:: Exercise requirements ::
Exact copy, no pictures: output each line below as it stands.

:: Dataset excerpt ::
● ● ● ● ● ● ●

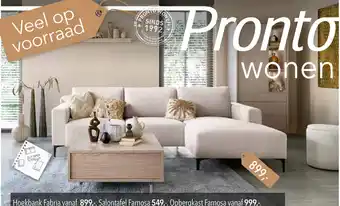 Pronto wonen Hoekbank Fabria aanbieding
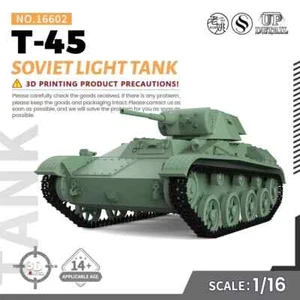 SSMODEL SS16602 1/16 Kit Modelo Militar Tanque Ligero Soviético T-45 IMPRESIÓN 3D - Imagen 1 de 5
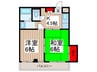 西川ビル 2Kの間取り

● ● ● ● ● ● ●

:: Your solution ::
 Pronto wonen Hoekbank Fabria aanbieding
 SSMODEL SS16602 1/16 Kit Modelo Militar Tanque Ligero Soviético T-45 IMPRESIÓN 3D - Imagen 1 de 5
 西川ビル 2Kの間取り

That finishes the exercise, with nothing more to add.